Studying crocodilian cognition helps bridge an important evolutionary gap and informs conservation efforts, environmental adaptability, enrichment practices and welfare guidelines. The project addresses three main objectives:

  • RO1 – Ontogeny of learning: how learning abilities change from hatchlings to juveniles.
  • RO2 – Individual differences: how sex and personality traits such as exploration or shyness affect learning performance.
  • RO3 – Cognitive flexibility: whether crocodiles adapt when reward contingencies are reversed (reversal learning).

Approach and work packages

EvOCRO integrates behavioural ecology, comparative psychology, and evolutionary biology within an international collaborative network. The project leverages the unique opportunity to work with populations of Crocodylus moreletii raised in semi-natural conditions, which offer an ideal balance between experimental control and ecological realism. Here, we will observe the animals, test their cognitive abilities, and compare individuals of different ages, sexes, and personalities.

WP1 – Ontogeny of learning

WP1 tests how learning develops from hatching to the juvenile stage using positive reinforcement, two-choice discrimination tasks and reversal learning to quantify age-related cognitive changes.

WP2 – Individual differences

WP2 assesses sex and personality traits (e.g., boldness, exploration, response to novelty) and links them to the learning data generated in WP1 to understand how stable behavioural tendencies influence cognition.

WP3 – Cognitive flexibility

WP3 expands the learning tasks by repeatedly reversing stimulus–reward associations. This allows the project to quantify flexibility and measure how quickly individuals adjust to new rules.

WP4 & WP5 – Training, management and communication

WP4 focuses on scientific training, open science practices and career development.

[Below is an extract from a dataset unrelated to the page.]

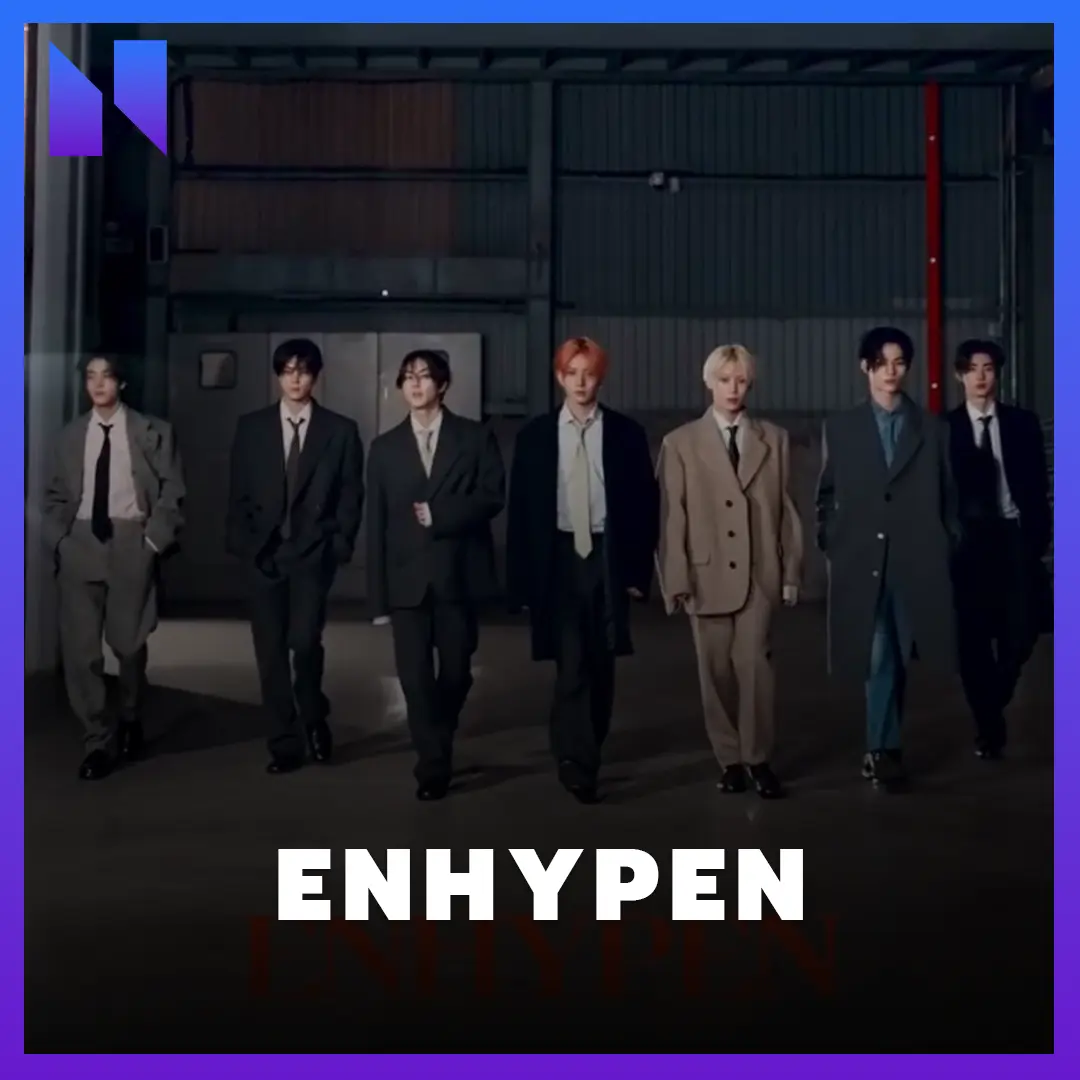 K POP ENHYPEN (เอนไฮเพน)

WP5 covers dissemination, publications, outreach activities and public engagement through media, workshops and events.

Impact

EvOCRO will expand scientific understanding of reptile cognition, provide novel longitudinal datasets and contribute to comparative evolutionary research beyond classical model species.

The findings will support conservation, welfare and management strategies in farms, zoos and protected areas, and will contribute to several UN Sustainable Development Goals through research, education and public engagement.